ABOUT THIS EXERCISE: Only the text belongs in the copy: repeat each record exactly, without pictures.

THE DATA:
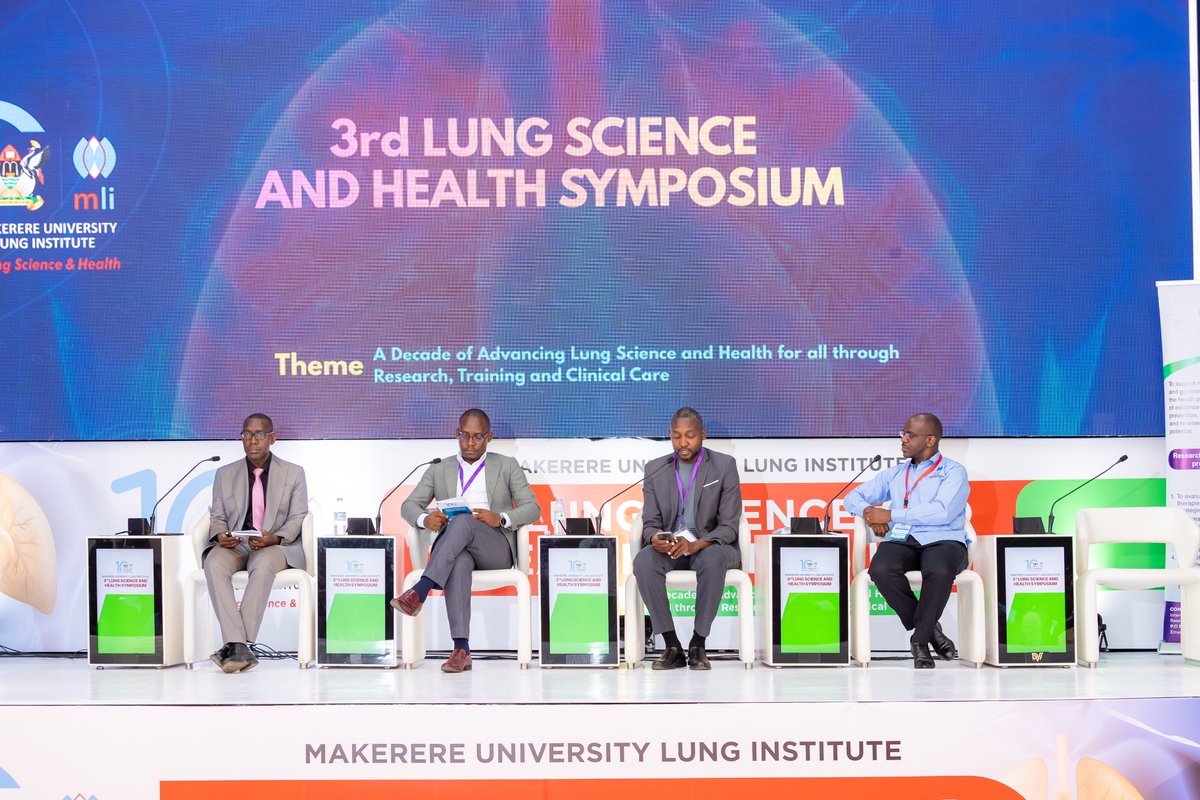 Lung Institute, Makerere University tweet media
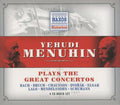 Menuhin Plays Great Concertos: Menuhin Plays Great Concertos - CD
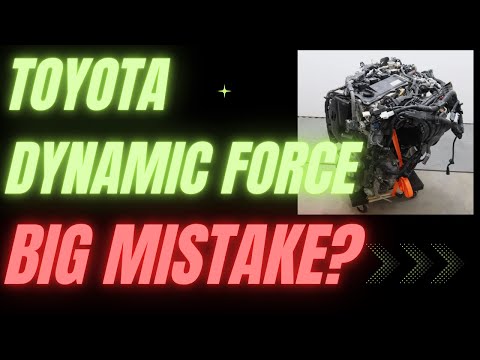 The Death of Toyota Reliability? | Dynamic Force Engine (A25A/M20A) Exposed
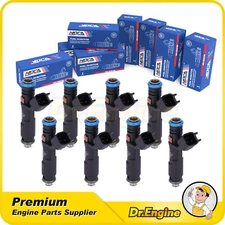 8x Fuel Injector fit 05-07 Ford Expedition F-150 250 350 Lincoln Mark Navigator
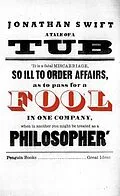 E-Book (epub) Tale of a Tub von Jonathan Swift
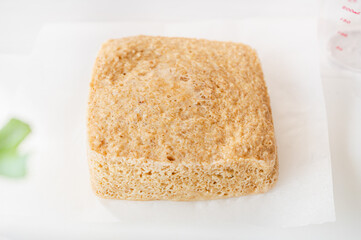 オートミールで作った蒸しパン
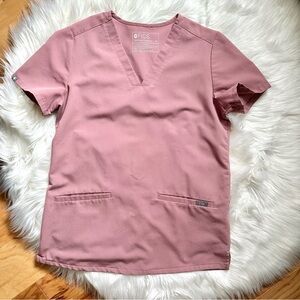 FIGS Casma Maeve Three Pocket Scrub Top Size XS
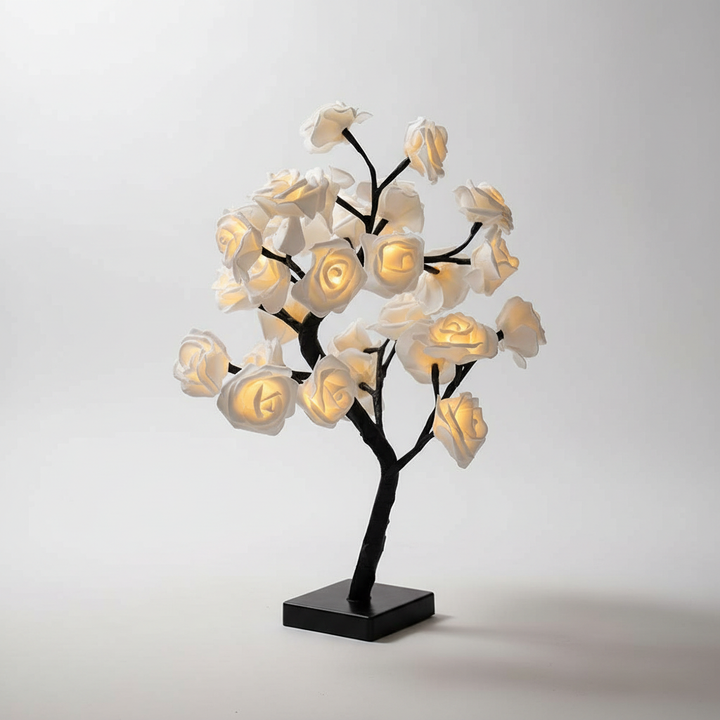 Künstlicher Rosenbaum Lampe - RoseAura
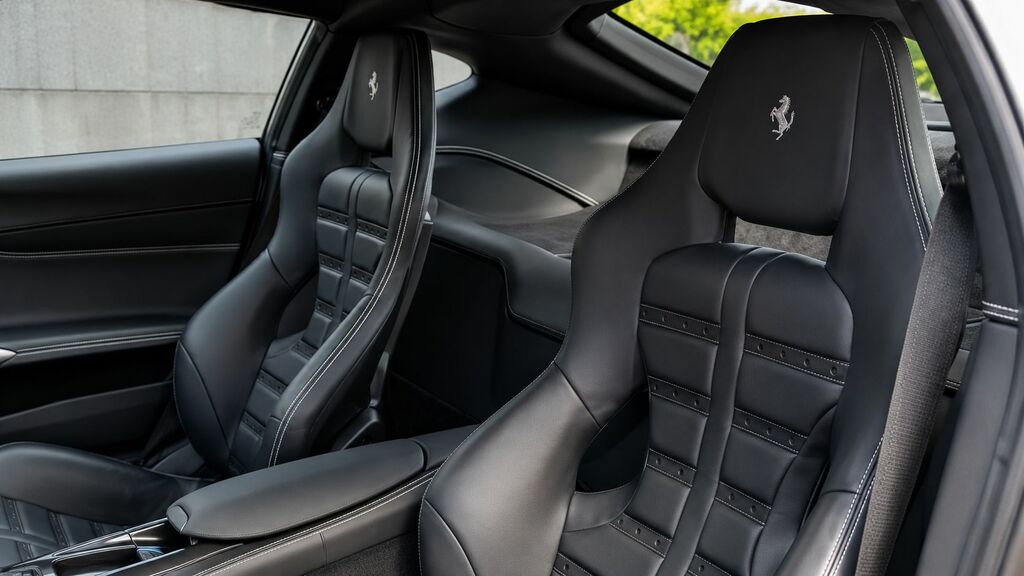 Ferrari 812 Superfast Bce Black #22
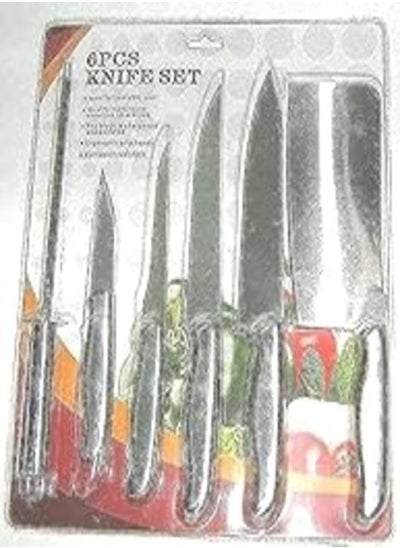 Buy Knife Set Stanless steal 6 Pcs in Egypt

RESPONSE TO THE TASK:
 Lung Institute, Makerere University tweet media
 Menuhin Plays Great Concertos: Menuhin Plays Great Concertos - CD
 The Death of Toyota Reliability? | Dynamic Force Engine (A25A/M20A) Exposed
 8x Fuel Injector fit 05-07 Ford Expedition F-150 250 350 Lincoln Mark Navigator
 E-Book (epub) Tale of a Tub von Jonathan Swift
 オートミールで作った蒸しパン
 FIGS Casma Maeve Three Pocket Scrub Top Size XS
 Künstlicher Rosenbaum Lampe - RoseAura
 Ferrari 812 Superfast Bce Black #22
 Buy Knife Set Stanless steal 6 Pcs in Egypt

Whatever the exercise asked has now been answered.